The positive effects of oils on decreasing fruit weigh loss might be attributed to make a thin film of oil surrounding the fruit peel and induced a modification of microclimatic of fruits. These results are in agreement with Golam Rabbany and Mizutani (1996) and Samra et al. (2006).
Total Soluble Solids percentage (TSS%): From Fig. 3 it is clear to notice that preceding harvest+post-harvest spraying with lime essential oil at conc. of 10% caused significant increase in TSS % during cold storage for 14 weeks compared with controls, for the two experimental seasons, while the other treatments had no significant effects on TSS%.
From this figure we can notice that prolonging cold storage at 5°C for nine weeks slightly increased total soluble solids percentage and a decline towards the end of storage period (14 weeks) of both treatments and controls in 2009 and 2010 seasons. The decrement may be due to the transformation in part of TSS to acids.
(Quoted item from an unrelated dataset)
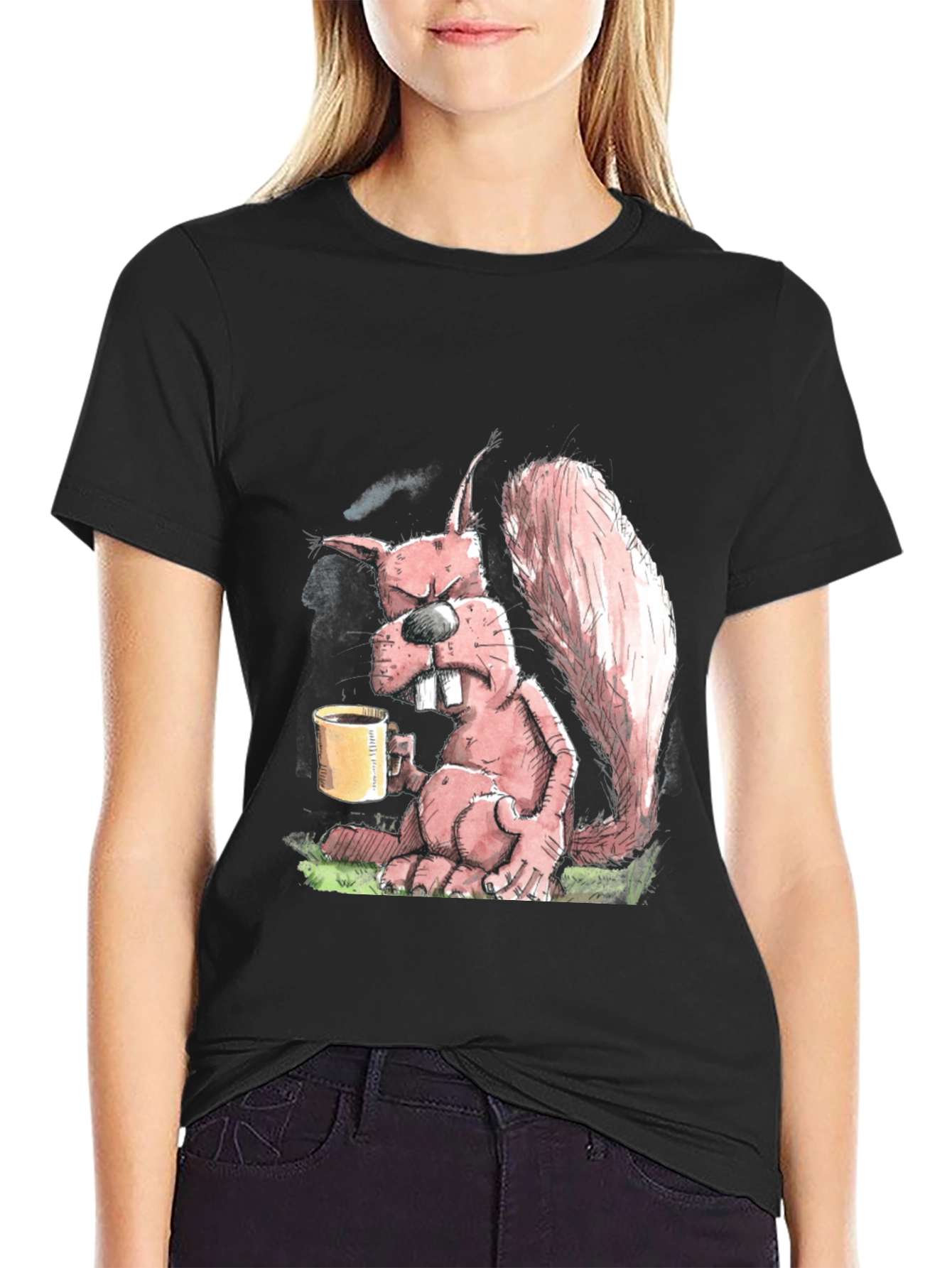Grumpy Squirrel Coffee T-Shirt - Funny Novelty Tee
Total acidity: From Fig. 4 it was clear to notice that at harvesting time, preharvest treated fruits content total acidity less than controls. This results are in agreement with Salih and Abdalla (1982), Martinez et al. (1991) and Mohamed and Abo-Goukh (2003). They reported that waxing decreases acidity during storage of orange and mango fruits, while at the end of storage period (14 weeks) there were no significant differences between all treatments and controls, on fruit Total Acidity (TA) content for the two experimental seasons 2009 and 2010 took similar trend.
During storage period there were a decrease in acidity during cold storage up to 3 weeks of storage, then an increase in acidity up to 8 weeks and a decline towards the end of the storage period, for both treated fruits and controls .These results are in agreement with El-Zeftawi (1976) and Elshiekh and Abo-Goukh (2008).
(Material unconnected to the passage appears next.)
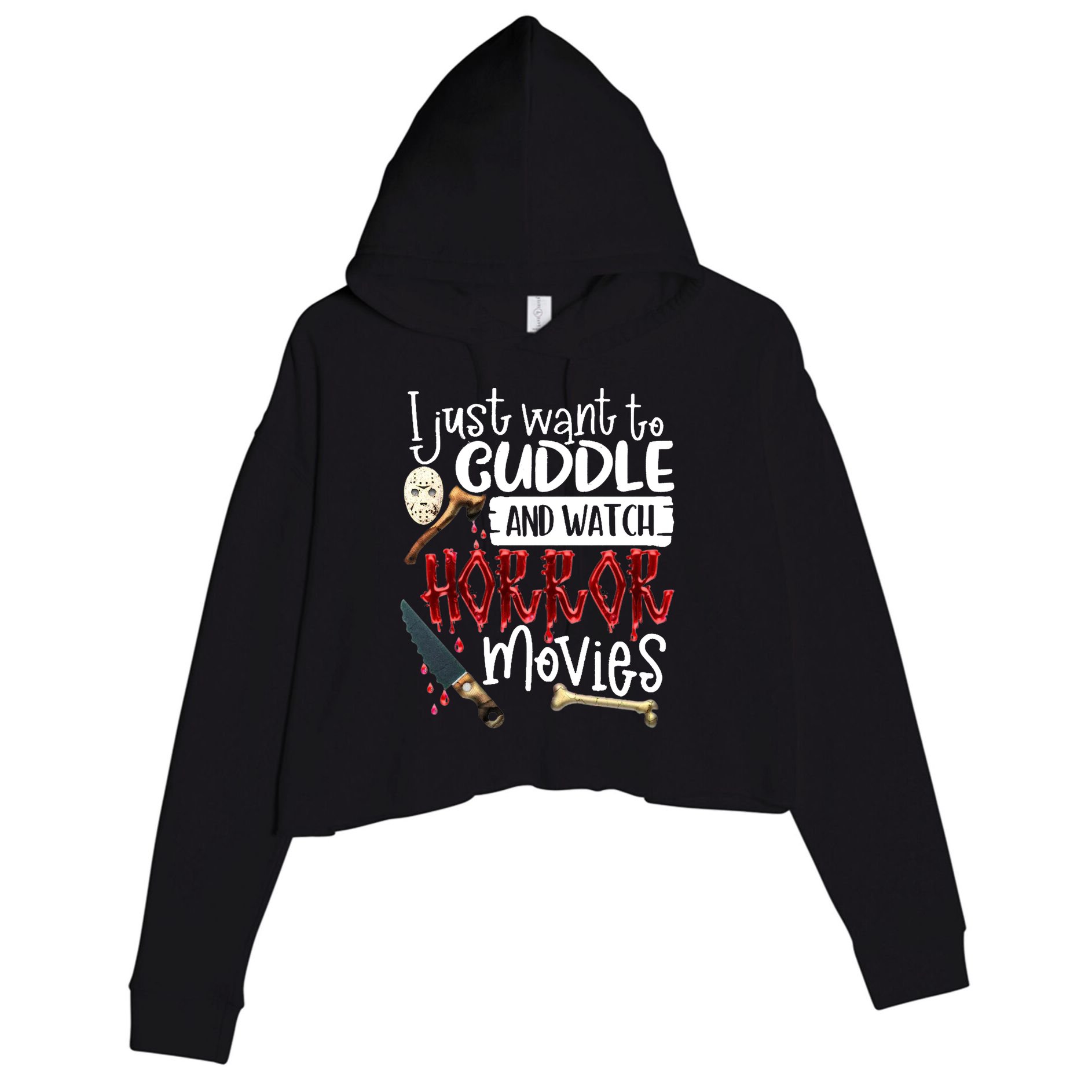 I Just Want To Cuddle And Watch Horror Movies Crop Fleece Hoodie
Vitamin C contents: Results in Fig. 5 indicate that compared with controls there were no significant effects between all treatments and controls during cold storage in vitamin C contents for 11 week in 2009 and 13 weeks in 2010. Prolonging storage period up to 14 week caused significant decrease for all treatments compared with controls in the two experimental seasons.
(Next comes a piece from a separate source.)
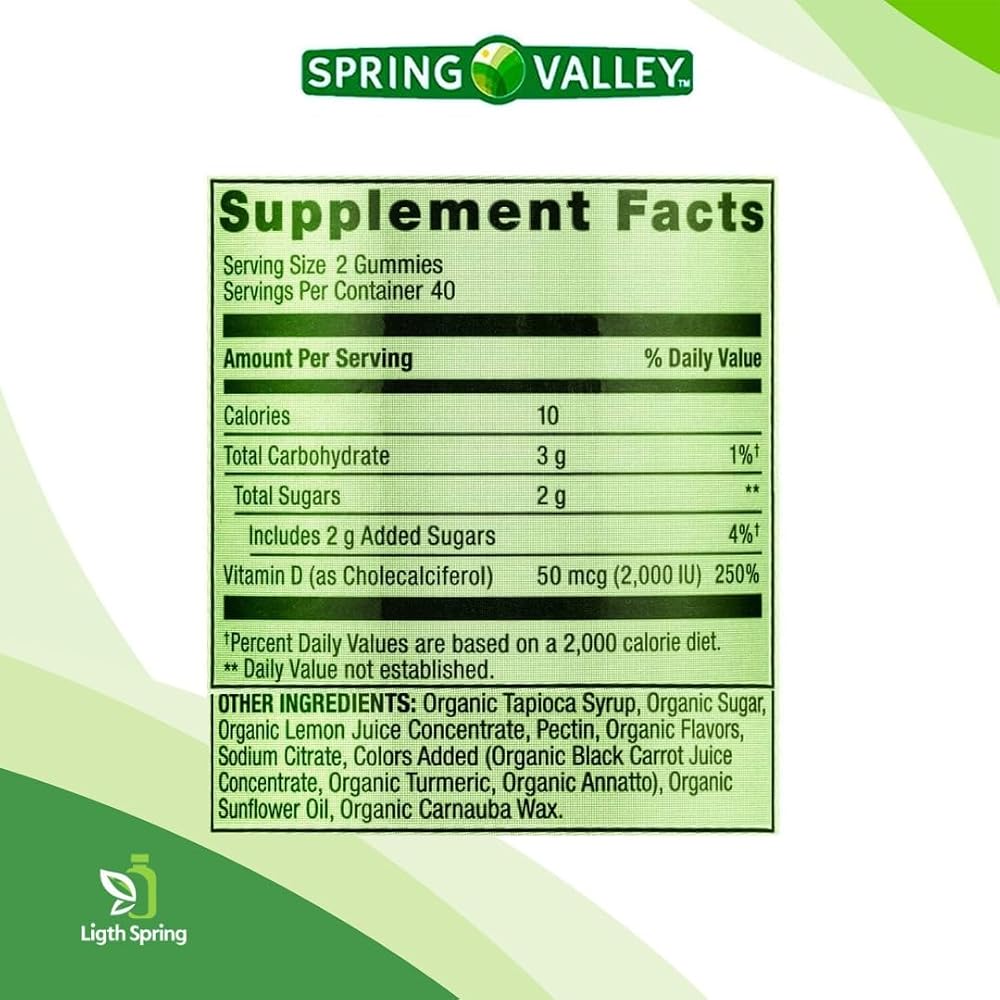 LightSpring Vitamin D3 Gummies 2000 IU - 80 Gummies - image 4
| Fig. 4: | Effect of lime thyme and camphor essential oil’s applications on Total acidity, of “Balady” Oranges, during cold storage for 14 weeks, in 2009 and 2010 seasons. Whereas, T1-T6 as described in footnote of Fig. 1 |
| Fig. 5: | Effect of lime thyme and camphor essential oils applications on Vitamin C. content, of “Balady” Oranges, during cold storage for 14 weeks, in 2009 and 2010 seasons. Whereas, T1-T6 as described in footnote of Fig. 1 |
During cold storage for 14 weeks it is clear from Fig. 5 that Vitamin C was gradually decreased as storage prolonged, for both control and all treatments. This agree with Trifiro et al. (1995), who describe maximum decrease of 8% in ascorbic acid in fresh juices of blood Oranges stored at 3°C for 30 days. Kabasakalis et al. (2000) and Del Caro et al. (2004). They reported that cold storage of fresh Orange juice for 31 days lost 7 to 13% of its ascorbic acid content. Also, they reported that segments of Minneola and salustiana Orange cultivars showed a significant decrease in ascorbic acid after 12 days of storage at 4°C. Ajibola et al. (2009), who found a significant decrease in ascorbic acid after 4 weeks of cold storage at 4±1°C.